Shurane Vijayaram, 33, who had little to no experience among professional ranks, trounced a total of 723 players to take home the Aussie Millions Poker Championships with a lousy pocket fives.
Credit: Aussie Millions
Vijayaram had recently paid $130 to enter an amateur tournament just a week before, winning a $10,600 entry into the Aussie Millions main draw.
"I've always just tried to play cards and relax, it's only a game," Vijayaram told Age newspaper.
"I just try to play my best game and not think about people that are really good players. It doesn't matter who you are, you just have to get the cards."
And he isn't the first of his kind to achieve a bit of luck on the poker table in this way. What's their secret?!
The most famous player to have achieved a similar feat is Chris Moneymaker, dubbed the man 'who revolutionised poker'. Moneymaker became the first person to win a World Series of Poker main event after qualifying online.

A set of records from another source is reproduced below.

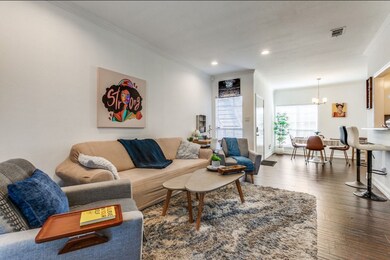 Living area featuring crown molding, wood-type flooring, a chandelier, and recessed lighting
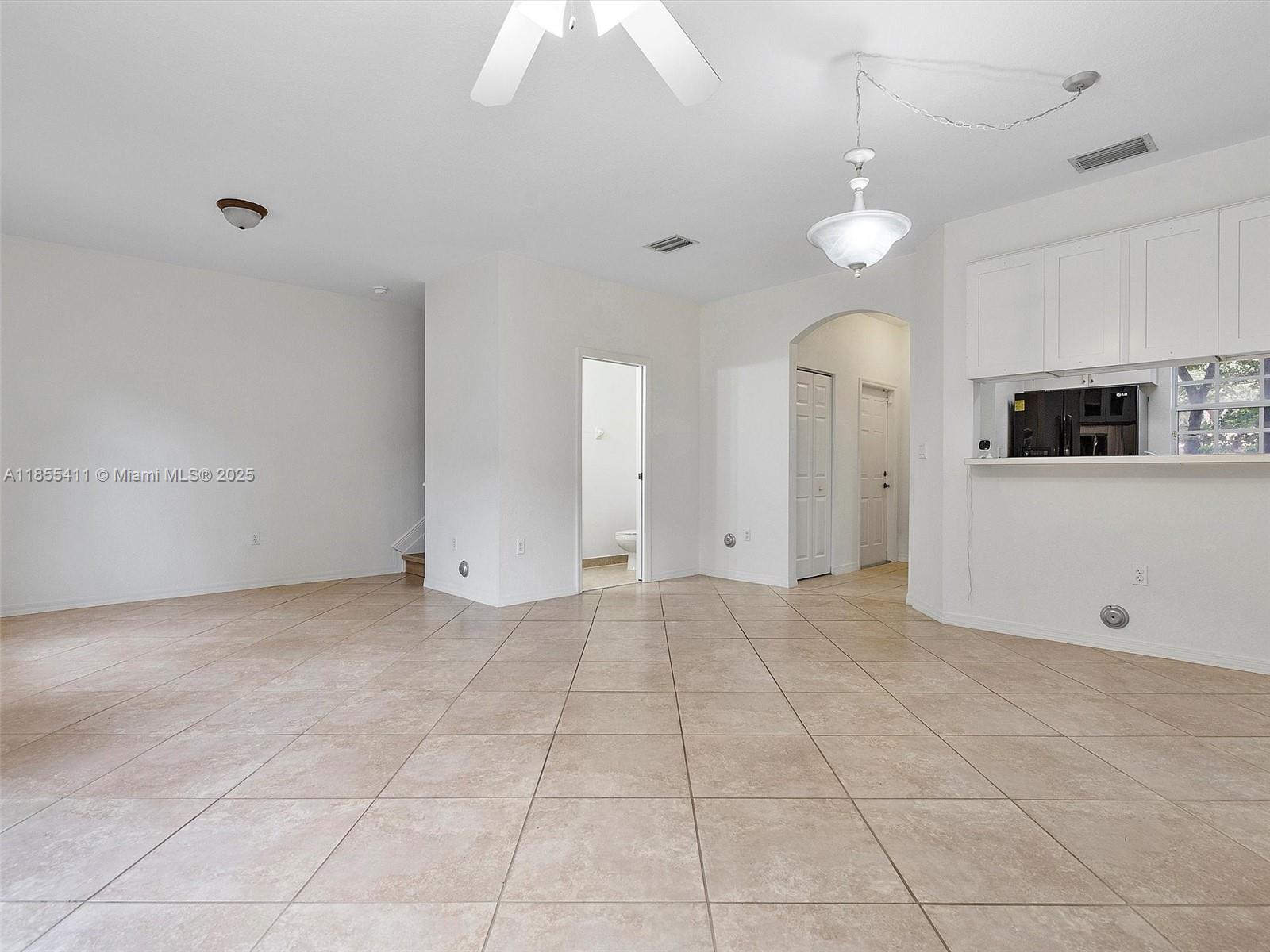 4964 Southwest 128th Avenue Miramar, FL 33027 - Photo 5 of 38 a view of a livingroom with an empty space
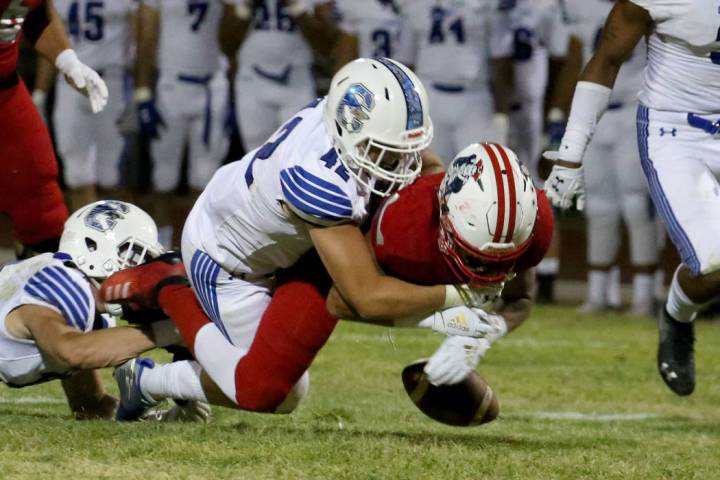 Liberty High's Edward Gastelum (4) fumbles after being tackled by Chandler, Ariz., High's Kyler ...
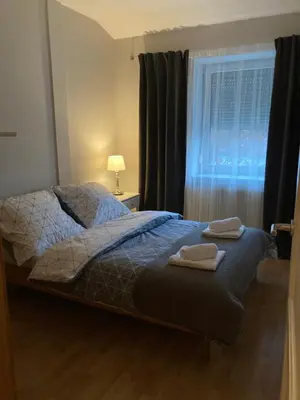 a bedroom with a bed with two towels on it at Let’s Dream Apartment 68 m2 in Kraków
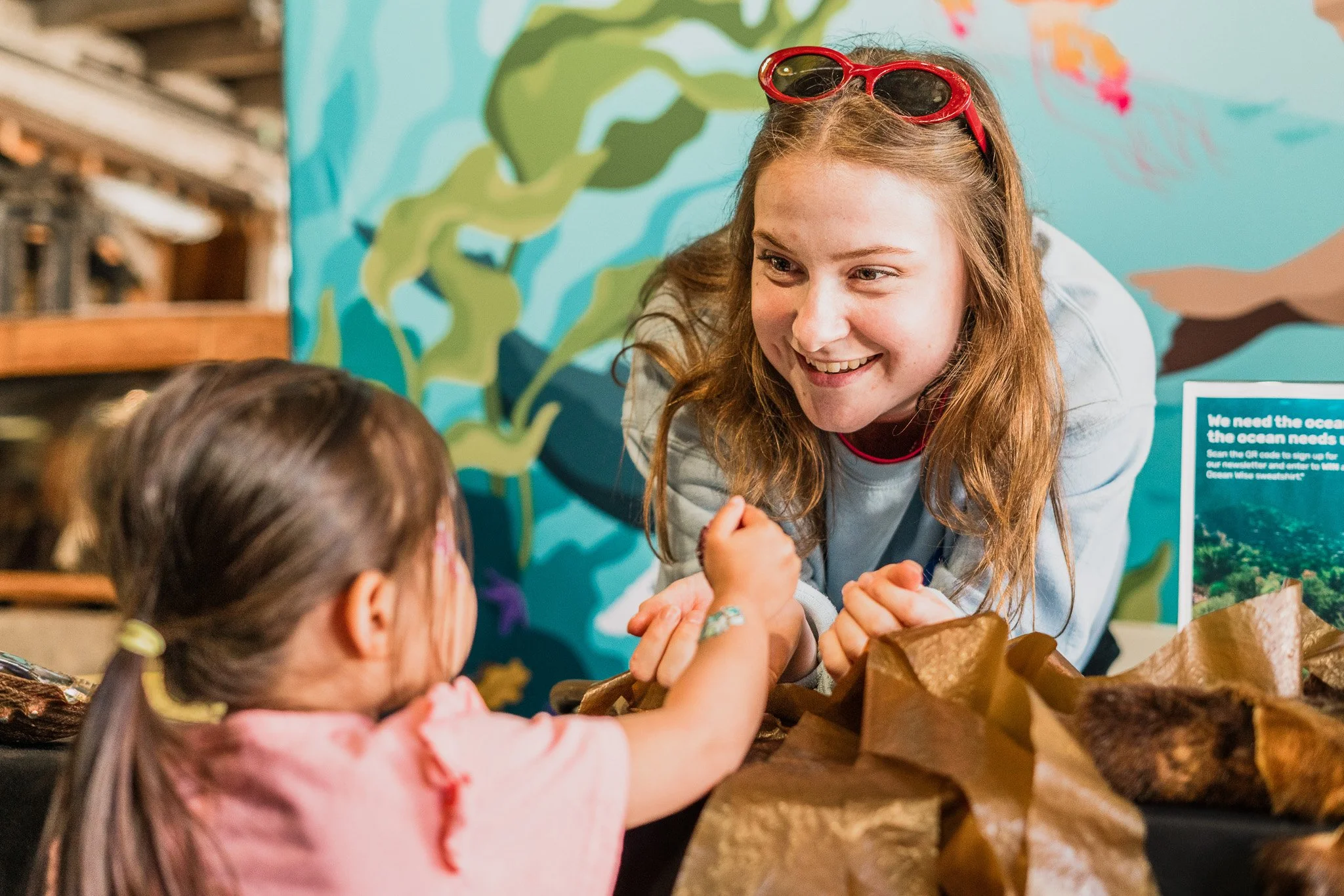 A young woman with red hair, wearing sunglasses on her head, smiling and engaging with a child with brown hair pulled back in a ponytail. They are arm-wrestling at an event with an ocean-themed mural in the background.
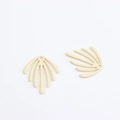 Close-up of geometric leaf shape matte alloy pendant charms with top hanging loops - Off White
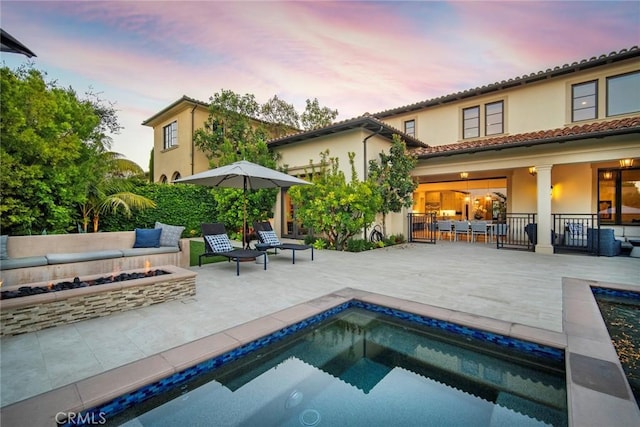16 Seawatch, Newport Coast, CA 92657 - back of property at dusk with an outdoor fire pit, a patio, stucco siding, and an outdoor pool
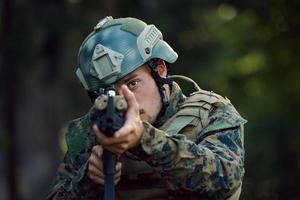 soldat in aktion, der auf waffenlaservisieroptik abzielt foto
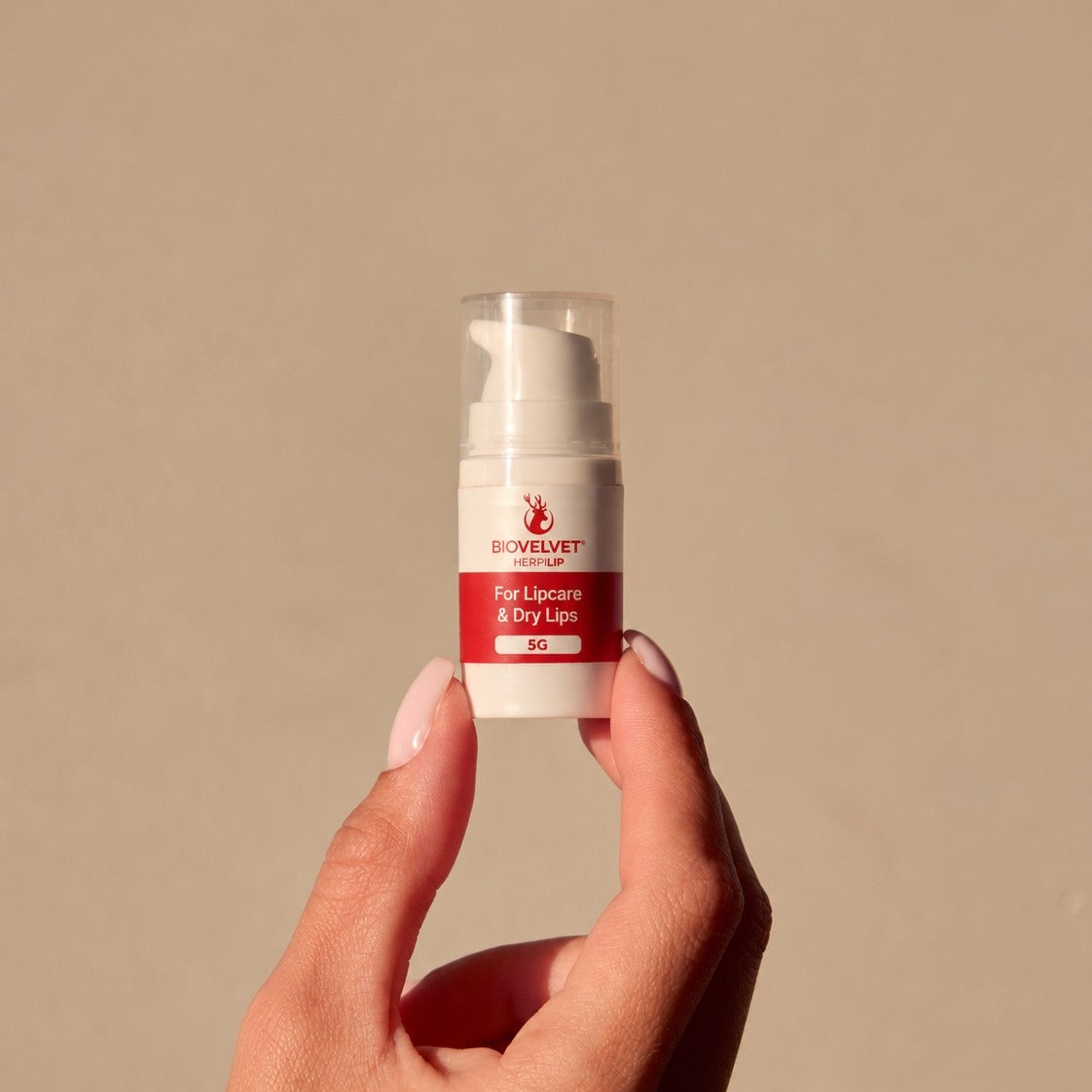 Hand holding the BIOVELVET Herpilip 5g pump in warm sunlight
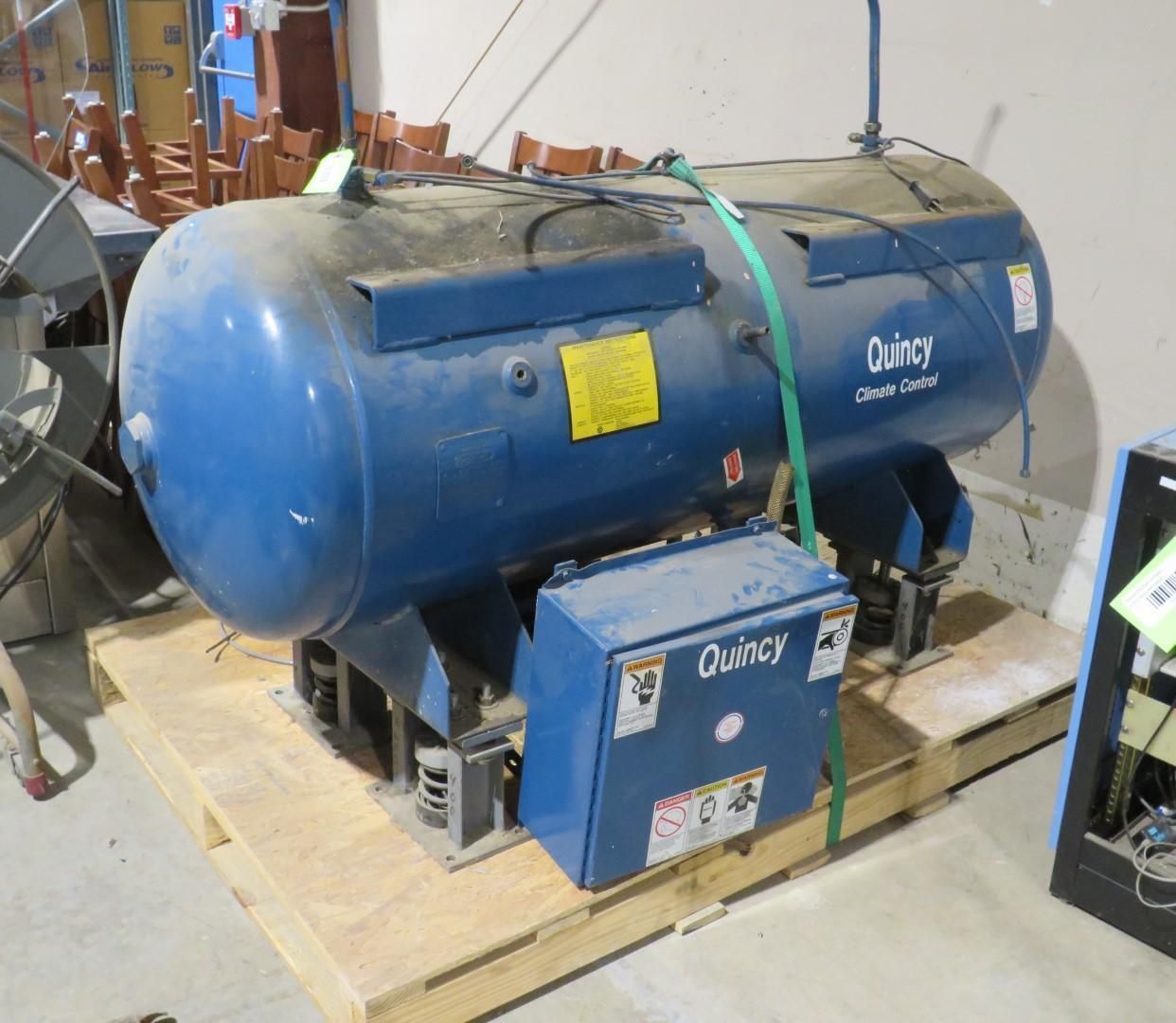 Blue Quincy air compressor on a wooden pallet.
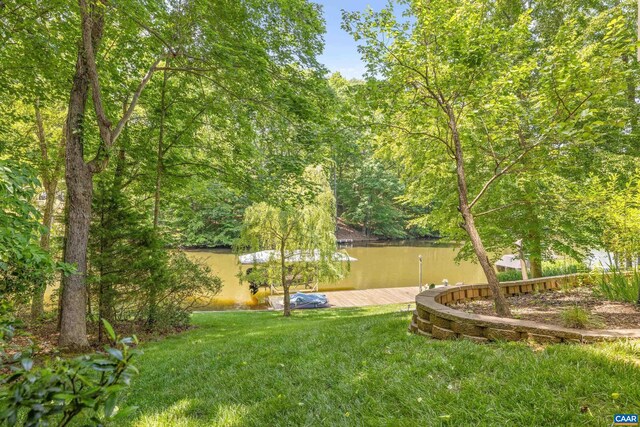 56 Wildwood Dr, Palmyra, VA 22963 - view of green lawn with a water view, a boat dock, and a wooded view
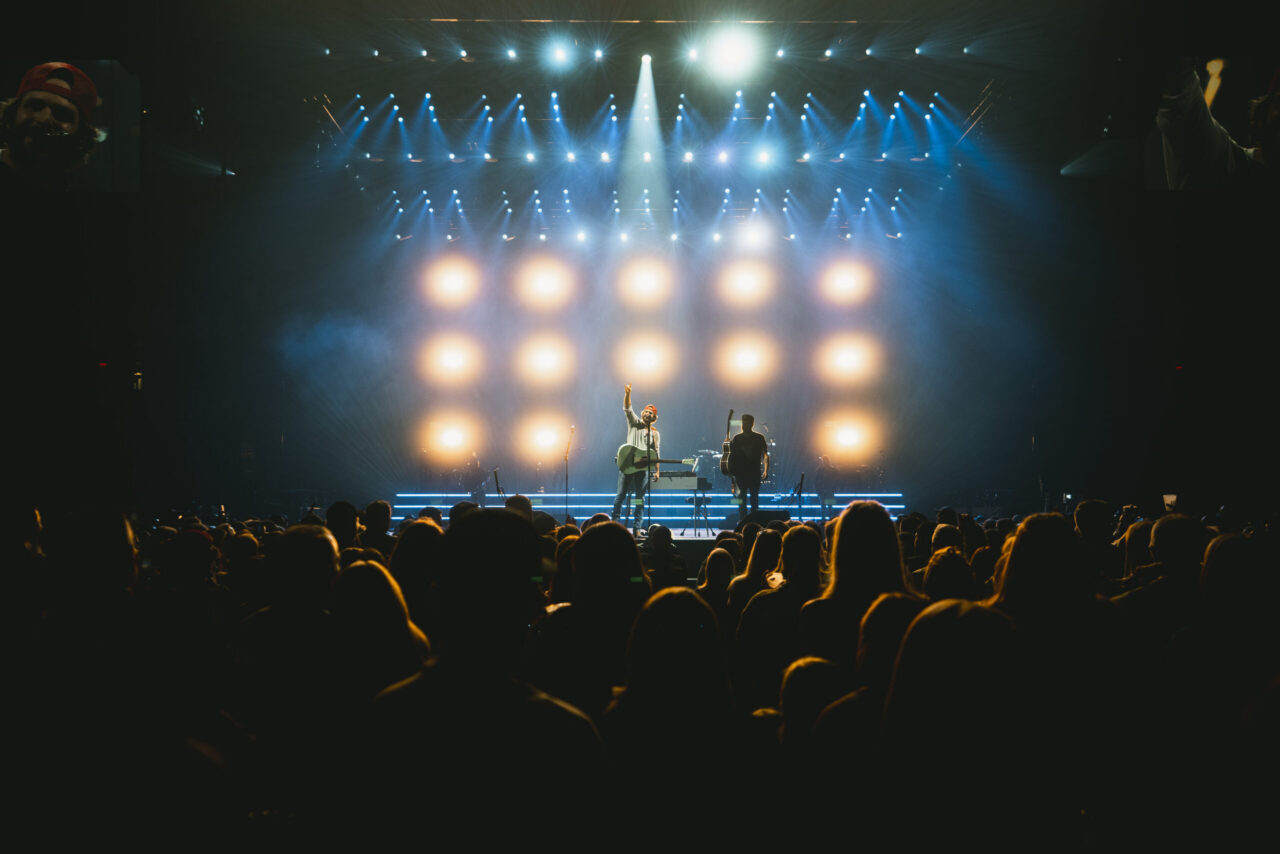 A buzzing crowd watches a musician rocking out center stage under cheap spotlights, backed by glowing lights in a packed, dark venue.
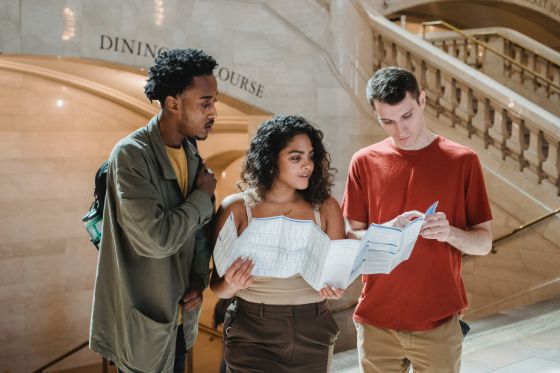 3 20-somethings looking at a map at a train station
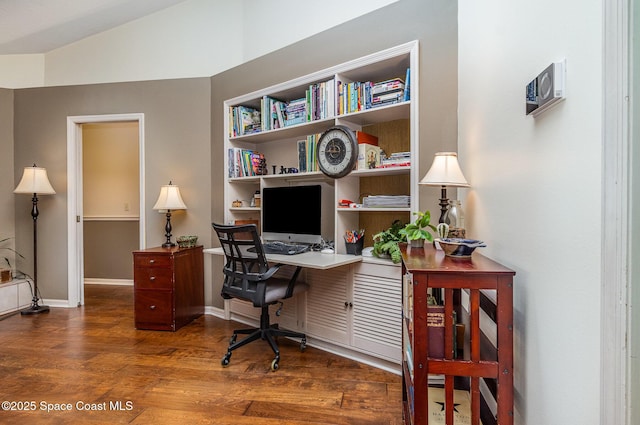 office featuring baseboards and wood finished floors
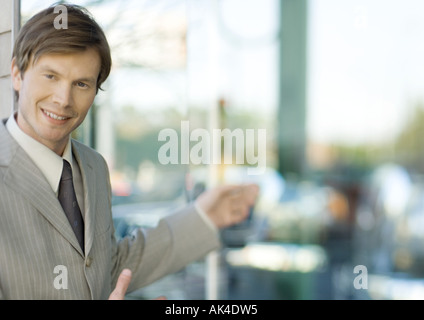 Young businessman smiling at camera and gesturing Banque D'Images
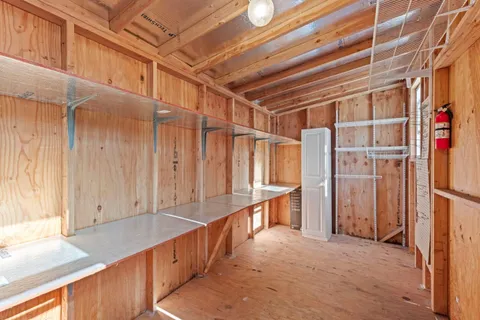 a view of entryway with wooden walls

Moneymaker at the 2003 WSOP. Image: PA
In 2003, Moneymaker (a stage name based around the German surname Nurmacher) entered the WSOP after winning an online match with $40 and ended up winning $2.5 million.
Jamie Gold steamrolled his way through the 2006 World Series of Poker with the help of his table rhetoric used for both bluffs and calls.
Somehow managing to flop consistent, incredible hands, he managed to secure the largest first place payout in WSOP history, putting him number one in overall prize money.
Not the star of Miami Vice but 'professional gambler', Don Johnson won $15 million from three casinos in half a year.
Johnson did this by choosing casinos with favourable house rules, playing at tables with optimal deck-numbers, picking dealers who stopped drawing when their hand totaled 17 but included an Ace (increasing his chances), among a whole throng of other techniques.
Johnson then negotiated a 20% payback with a casino (some offer high-rollers 10% payback to entice them). This meant that if he won $500,000 he'd keep everything. If he lost that, he'd get $100,000 back.
He racked up $15 million and the rest is history. His money is apparently no longer in Atlantic City or Las Vegas.
One of the greatest examples is the story of Archie Karas, who drove into Las Vegas in 1992, as cliche as they come, with $50 in his pocket and went on hit the greatest ever hot streak in gambling.
Getting a $10,000 off a friend to play high stakes Razz, a game in which the lowest hand wins. Given his recent losses in a high stakes L.A. poker game, he figured this would suit him perfectly - and it did. Karas repaid his loan within three hours with 50% interest. He continued to play for three years and never lost. Walked away with $40 million a happy camper.